I saw the movie "Blind Side" last week with Leonard. THAT IS MY NEW ALL-TIME-FAVORITE MOVIE! Sandra Bullock's character had a lot of the personality traits I've spent a lifetime wishing I didn't have. But it worked for her. She was able to be totally overbearing, yet still have a heart that was overflowing with love and mercy. I can't tell you how many times through the movie Leonard told me her character reminded him of me. (One example... her husband told the kids as she was outside talking to Big Mike, "I know that look. Your mother's about to get her way.") (yeah, that's me)

That movie was so good for me. It gave me hope that it's okay to be who I am.
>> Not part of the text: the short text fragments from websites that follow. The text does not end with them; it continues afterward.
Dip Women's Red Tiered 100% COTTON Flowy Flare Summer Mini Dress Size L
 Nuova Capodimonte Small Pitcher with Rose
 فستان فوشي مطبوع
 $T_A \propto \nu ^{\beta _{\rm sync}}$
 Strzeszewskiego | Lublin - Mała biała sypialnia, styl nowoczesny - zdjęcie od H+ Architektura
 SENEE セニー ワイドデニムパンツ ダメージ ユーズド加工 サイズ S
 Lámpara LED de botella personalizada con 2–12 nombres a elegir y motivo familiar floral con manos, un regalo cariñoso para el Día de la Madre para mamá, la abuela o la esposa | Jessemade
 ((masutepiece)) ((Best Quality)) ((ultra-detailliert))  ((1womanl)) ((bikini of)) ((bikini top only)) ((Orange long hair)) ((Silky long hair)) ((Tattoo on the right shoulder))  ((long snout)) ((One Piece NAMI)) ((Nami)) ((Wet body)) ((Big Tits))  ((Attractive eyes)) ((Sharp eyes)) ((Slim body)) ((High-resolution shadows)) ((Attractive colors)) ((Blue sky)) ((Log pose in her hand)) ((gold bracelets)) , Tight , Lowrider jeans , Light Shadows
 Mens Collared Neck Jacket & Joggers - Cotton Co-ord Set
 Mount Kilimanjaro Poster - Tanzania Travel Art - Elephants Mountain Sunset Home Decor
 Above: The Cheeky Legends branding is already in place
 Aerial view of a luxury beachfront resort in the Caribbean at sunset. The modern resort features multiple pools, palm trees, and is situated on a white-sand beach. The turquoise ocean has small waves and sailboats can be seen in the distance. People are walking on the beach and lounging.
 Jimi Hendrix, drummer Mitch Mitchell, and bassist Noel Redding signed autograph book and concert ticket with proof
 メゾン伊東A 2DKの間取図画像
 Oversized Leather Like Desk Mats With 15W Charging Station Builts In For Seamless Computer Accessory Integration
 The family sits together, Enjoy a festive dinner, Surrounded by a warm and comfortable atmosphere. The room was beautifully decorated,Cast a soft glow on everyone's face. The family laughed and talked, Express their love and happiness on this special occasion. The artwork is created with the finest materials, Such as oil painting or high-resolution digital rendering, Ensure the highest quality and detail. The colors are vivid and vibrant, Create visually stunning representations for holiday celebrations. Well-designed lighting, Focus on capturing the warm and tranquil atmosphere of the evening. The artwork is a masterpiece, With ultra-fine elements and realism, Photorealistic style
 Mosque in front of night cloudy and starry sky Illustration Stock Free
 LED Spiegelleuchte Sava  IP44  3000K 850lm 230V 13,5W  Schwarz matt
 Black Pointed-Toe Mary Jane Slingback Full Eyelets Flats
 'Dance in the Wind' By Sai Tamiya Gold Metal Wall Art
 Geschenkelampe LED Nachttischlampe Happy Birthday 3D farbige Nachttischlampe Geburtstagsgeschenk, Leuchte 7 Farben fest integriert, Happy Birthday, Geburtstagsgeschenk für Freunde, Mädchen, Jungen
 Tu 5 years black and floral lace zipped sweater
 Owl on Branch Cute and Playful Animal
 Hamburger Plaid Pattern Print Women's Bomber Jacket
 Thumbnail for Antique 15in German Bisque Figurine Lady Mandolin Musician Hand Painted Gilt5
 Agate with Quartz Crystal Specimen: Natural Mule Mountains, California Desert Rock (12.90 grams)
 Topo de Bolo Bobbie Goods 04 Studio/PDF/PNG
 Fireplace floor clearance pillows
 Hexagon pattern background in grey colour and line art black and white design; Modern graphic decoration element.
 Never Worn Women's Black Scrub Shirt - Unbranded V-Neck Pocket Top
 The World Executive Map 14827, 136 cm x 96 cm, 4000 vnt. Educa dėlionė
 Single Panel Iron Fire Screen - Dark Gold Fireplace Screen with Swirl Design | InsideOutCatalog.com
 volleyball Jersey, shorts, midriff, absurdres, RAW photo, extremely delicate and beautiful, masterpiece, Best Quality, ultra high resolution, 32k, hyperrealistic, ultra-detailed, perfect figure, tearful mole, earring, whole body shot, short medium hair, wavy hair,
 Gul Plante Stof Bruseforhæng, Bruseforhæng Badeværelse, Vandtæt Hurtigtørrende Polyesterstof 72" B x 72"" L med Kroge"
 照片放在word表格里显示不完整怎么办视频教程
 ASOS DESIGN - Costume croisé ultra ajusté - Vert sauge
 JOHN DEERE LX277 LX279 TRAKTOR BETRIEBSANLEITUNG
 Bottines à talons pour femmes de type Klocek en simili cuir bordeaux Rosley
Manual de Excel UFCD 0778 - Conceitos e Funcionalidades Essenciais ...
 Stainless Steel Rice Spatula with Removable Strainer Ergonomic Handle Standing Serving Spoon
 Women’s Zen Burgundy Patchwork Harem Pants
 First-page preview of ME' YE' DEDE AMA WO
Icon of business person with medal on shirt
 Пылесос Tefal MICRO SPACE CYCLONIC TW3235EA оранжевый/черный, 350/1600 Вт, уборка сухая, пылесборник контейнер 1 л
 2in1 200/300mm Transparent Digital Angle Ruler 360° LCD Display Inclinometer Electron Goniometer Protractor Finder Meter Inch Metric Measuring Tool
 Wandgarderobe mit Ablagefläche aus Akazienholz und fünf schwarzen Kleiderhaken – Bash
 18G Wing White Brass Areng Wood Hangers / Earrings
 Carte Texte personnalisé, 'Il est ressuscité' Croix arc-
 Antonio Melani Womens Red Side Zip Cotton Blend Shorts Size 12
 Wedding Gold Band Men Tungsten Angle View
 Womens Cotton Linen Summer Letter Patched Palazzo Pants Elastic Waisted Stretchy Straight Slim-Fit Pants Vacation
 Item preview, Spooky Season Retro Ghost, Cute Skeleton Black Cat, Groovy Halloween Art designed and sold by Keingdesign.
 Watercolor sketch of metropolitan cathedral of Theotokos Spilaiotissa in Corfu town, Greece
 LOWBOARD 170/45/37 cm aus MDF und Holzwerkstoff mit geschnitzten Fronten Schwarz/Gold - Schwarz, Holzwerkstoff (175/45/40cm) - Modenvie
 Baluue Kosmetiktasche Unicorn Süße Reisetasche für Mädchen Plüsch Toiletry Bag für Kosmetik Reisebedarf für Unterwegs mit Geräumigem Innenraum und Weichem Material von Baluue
And I think it also got me to thinking that I've struggled with something for a lot of years (decades) simply because of what I've allowed myself to believe. Will I be able to change what I believe? Probably not right away. But I have a clearer picture of what I'm fighting against. When those old feelings arise, I will try to identify what it is I'm believing that's causing those feelings, and replace it with truth. What truth have I discovered?

1. It's okay to have areas of my personality that need refining. It's all part of the growth process.

2. I don't stand alone .... chances are there's something wrong with most of you, too. :o)

3. In the midst of the things that may be wrong with us, there are lots of things that are good and right and wonderful about us.

4. We can rest in the fact that there is not now nor will there ever be anything wrong with God.

What are you struggling with? What is it you're believing?

Tuesday, December 8, 2009

And life becomes normal again....


We just finished marrying off our daughter this weekend! We don't have the pictures back yet, but here's a snapshot my other daughter took while they were getting ready....




I don't know how this whole process usually goes for people, but we planned this for over A YEAR... and it still seemed like all the details were crashing in around me at the last minute. I thought I had everything planned out so well, yet there were still things that were missed, things that didn't go as planned. Fortunately, all my friends told me that no one even knew anything went wrong and that it was a beautiful event. I love friends.

I was right about one thing, though. For all the last-minute stress, and all the details that didn't work out right... none of it mattered anymore when I saw my beautiful daughter walking down the aisle on her dad's arm. It's a picture that is forever etched into my memory.

And when I look at that picture, all I can do is smile.

Monday, November 16, 2009

The still and quiet voice.....

Ever have those times when you just feel like you're right on the verge of discovering something new and deeper in your relationship with God? This is one of those times for me. Is it about faith? hope and trust? giving? abiding? or all of the above? I'm not sure. I just feel like I'm about to discover something really magnificent about our relationship that will take it to a whole new level.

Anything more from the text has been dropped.